Quantum mechanics of magnetic diffraction

We now develop the quantum mechanical formalism for elastic magnetic neutron scattering. The formalism for inelastic magnetic scattering is developed in Scattering theory for magnetic dynamics.

The magnetic interaction

The interaction responsible for magnetic neutron scattering is the nuclear Zeeman term for a neutron in an external magnetic field:

\begin{equation} \label{eq:nuclear_Zeeman} H_{\rm Z} = - {\bf \mu} \cdot {\bf B} = - \gamma \mu_{\rm N} \hat{\bf \sigma} \cdot {\bf B} , \end{equation}

where \(\hat{\bf \sigma}\) represents the spin of the neutron and is composed by the Pauli matrices.
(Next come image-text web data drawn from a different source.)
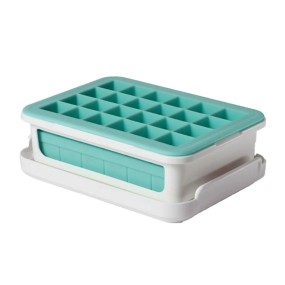 COVERED ICE CUBE TRAY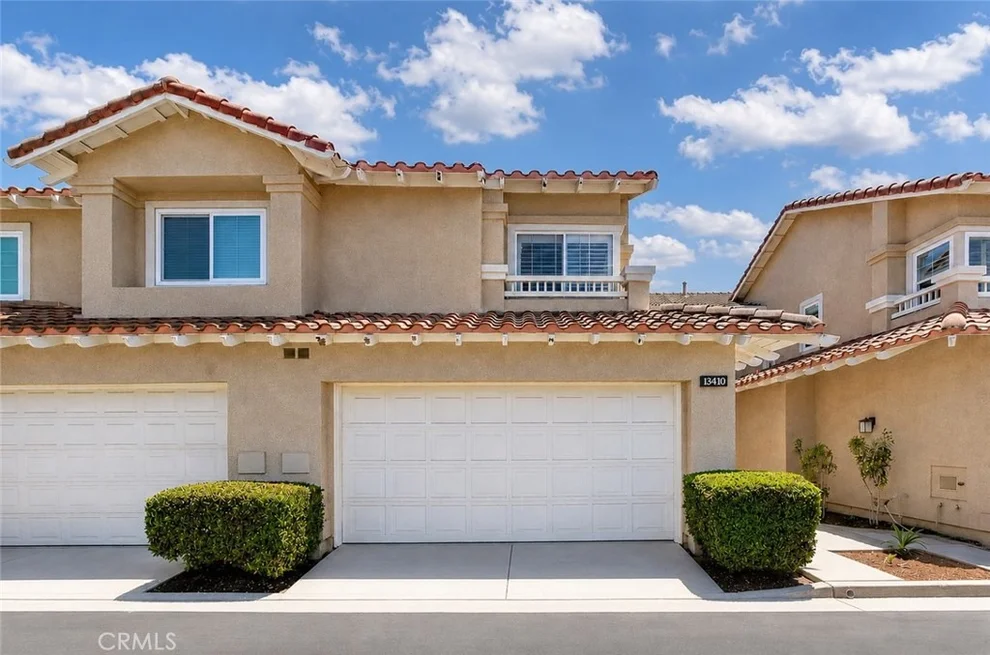 Unit for sale at 13410 Via Alicante, Tustin, CA 92782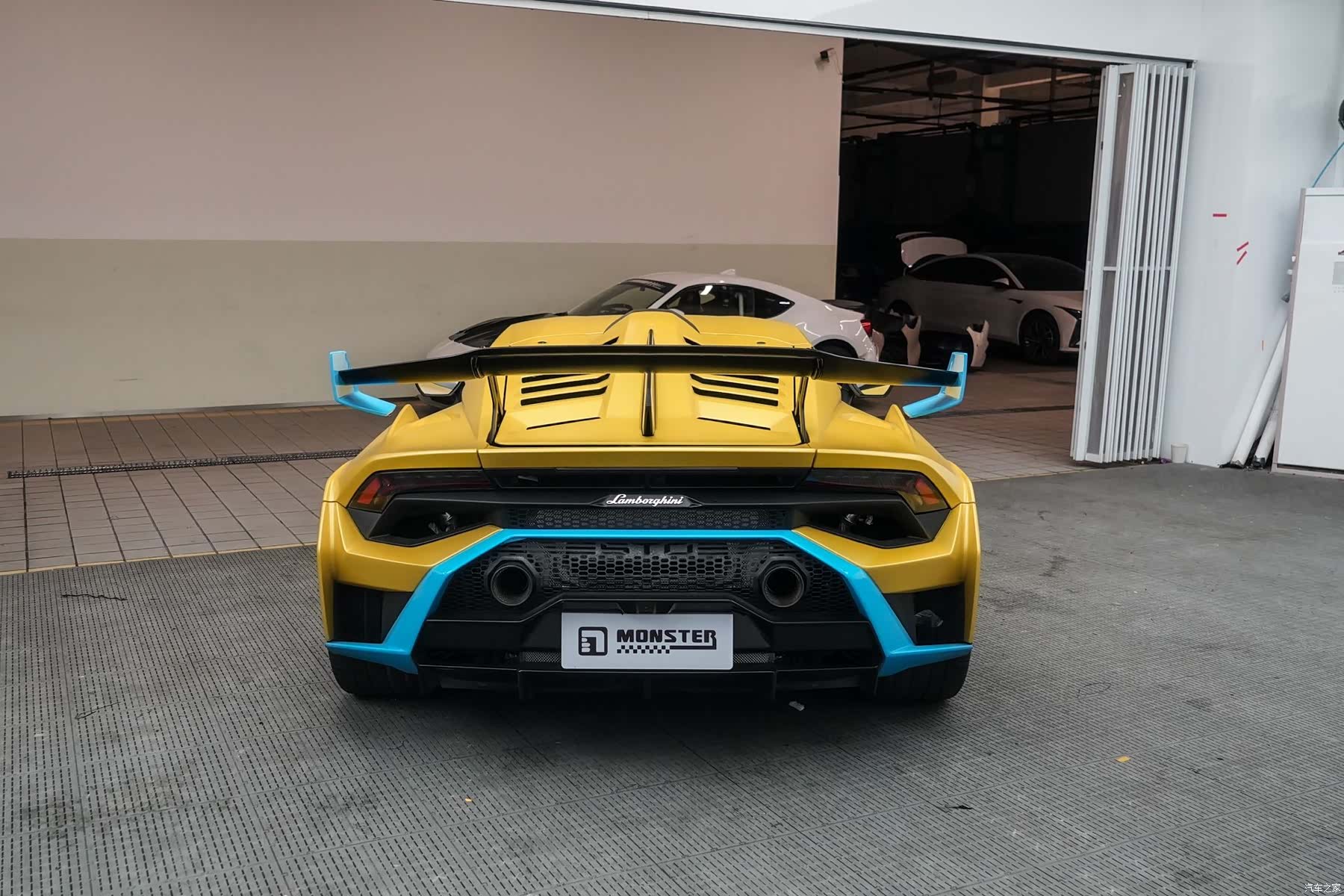 Lamborghini Huracán, 2022 все фото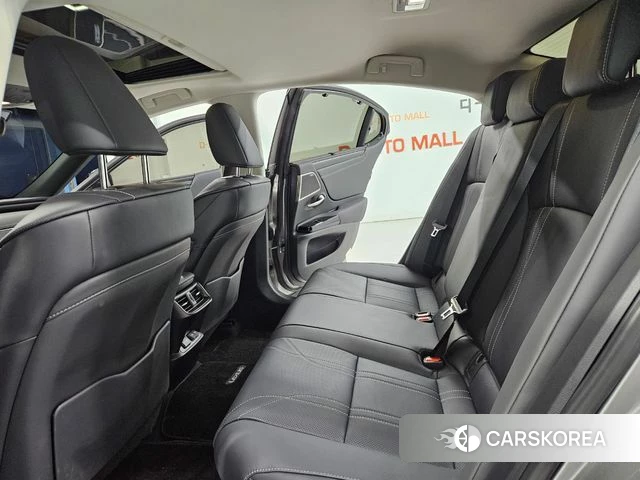 Lexus ES300h 7th generation 2025 Серебристо-серый из Кореи, фото 2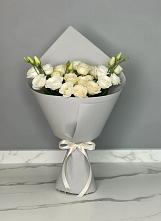 Букет цветов из:  Розы и Лизиантусы в Кахуне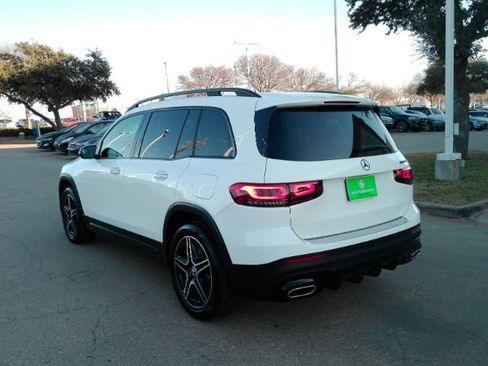 Used 2021 Mercedes-Benz GLB 250 image 11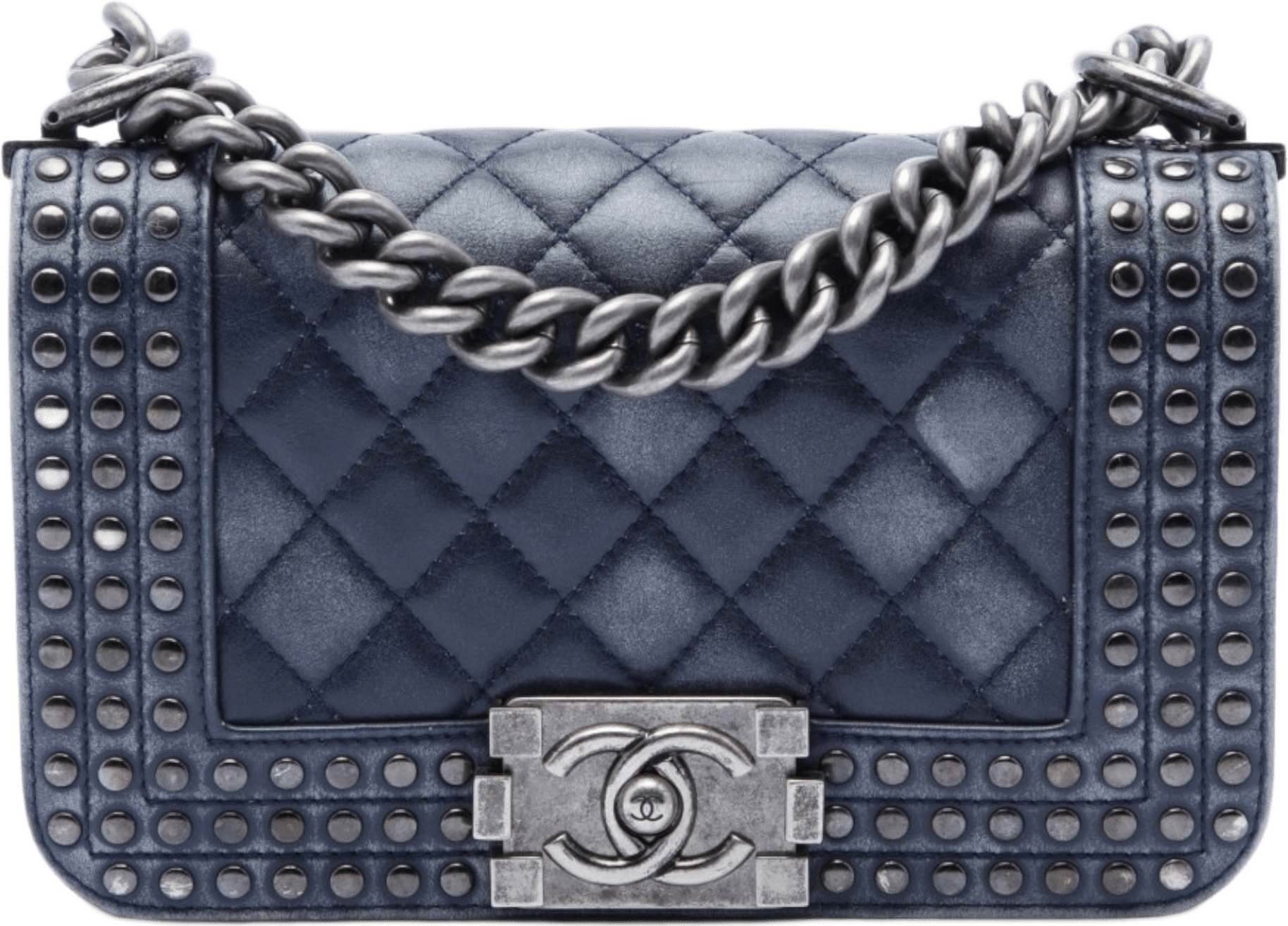Chanel Paris Dallas Small Quilted Distressed Calfskin Studded Boy Flap, från Luxclusif, i färgen blå.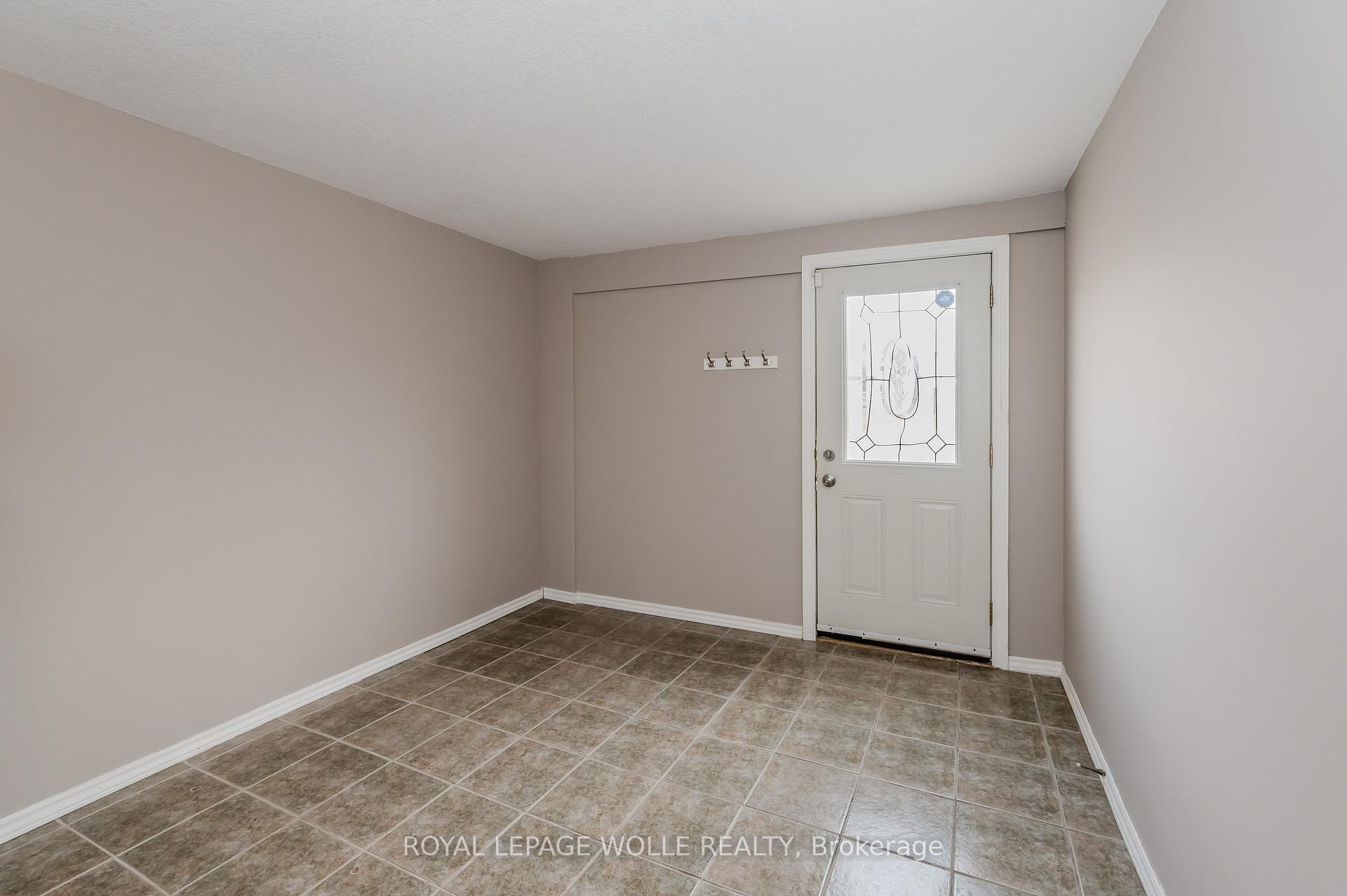 Photo 17 of 894 Strasburg Road, Kitchener — HOMEH
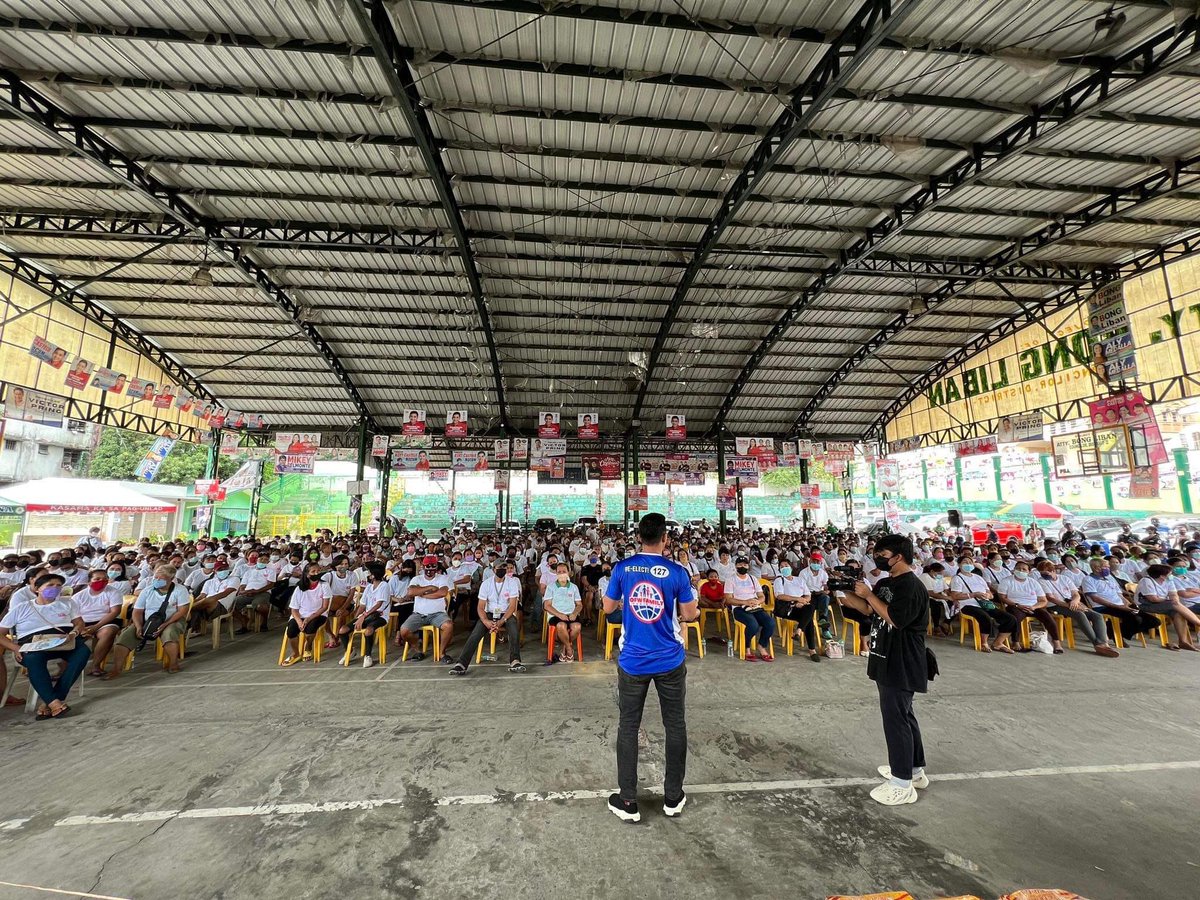 ofwfamilyclub's tweet photo. TINGNAN: Binigyan ng oportunidad si OFW FAMILY Party-List Nominee Rhodge L. Bermudez na ibahagi ang ating mga adbokasiya sa mga residente ng Brgy. Commonwealth, Quezon City.

#OFWFAMILY #127sabalota
#Commonwealth #QuezonCity https://t.co/NElj7qCrmk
The external field that scatters the neutron comes from the individial electrons on the atoms.

The magnetic moment of one electronic spin, \({\bf s}_j\), is given by (\ref{eq:emoment})

The field from a dipole placed at the Origin can be described as

\begin{equation} B = \frac{\mu_0}{(4\pi)} \nabla \times ({\bf \mu} \times {\bf r}/r^3). \end{equation}

We now position the spin at position \({\bf r}_j\), and transform (\ref{eq:nuclear_Zeeman}) into

\begin{equation} H_{{\rm Z},j} = \frac{\mu_0}{4\pi} g \mu_{\rm B} \gamma \mu_{\rm N} \hat{\bf \sigma} \cdot \nabla\times\left(\frac{{\bf s}_j\times({\bf r}-{\bf r}_j)}{|{\bf r}-{\bf r}_j|^3}\right) . \end{equation}

The neutron interaction with the magnetic ions is given as the total nuclear Zeeman interaction, summed over all magnetic sites, \(j\). This we use as the scattering potential,

\begin{equation} \label{eq:magnetic_potential} \hat{V} = \sum_j H_{{\rm Z},j} , \end{equation}

that we insert in the master equation for magnetic diffraction (\ref{eq:master_scatt}).

\begin{equation} \frac{d\sigma}{d\Omega} = \frac{k_{\rm f}}{k_{\rm i}} \left(\frac{m_{\rm n}}{2\pi \hbar^2}\right)^2 \big| \big\langle \psi_{\rm i} \big|\hat{V}\big| \psi_{\rm f}\big\rangle \big|^2 . \end{equation}

By substitution, the resulting equation for the magnetic diffraction cross section becomes

\begin{align} \label{eq:diffract_spinonly} \left. \frac{d \sigma}{d\Omega} \right|_{\sigma_{\rm i} \rightarrow \sigma_{\rm f} } &= \left( \frac{\mu_0}{4\pi} \right)^2 \left( \frac{m_{\rm N}}{2\pi\hbar^2} \right)^2 \left( g \mu_{\rm B} \gamma \mu_{\rm N} \right)^2 \\ &\quad\times \biggr| \biggr\langle {\bf k}_{\rm f} \sigma_{\rm f} \biggr| \sum_j \hat{\bf \sigma} \cdot \nabla\times\left(\frac{{\bf s}_j \times({\bf r}-{\bf r}_j)}{|{\bf r}-{\bf r}_j|^3}\right) \biggr| {\bf k}_{\rm i} \sigma_{\rm i} \biggr\rangle \biggr|^2 . \nonumber \end{align}

We here note that we have explicitly added the spin value to the initial and final state of the neutron.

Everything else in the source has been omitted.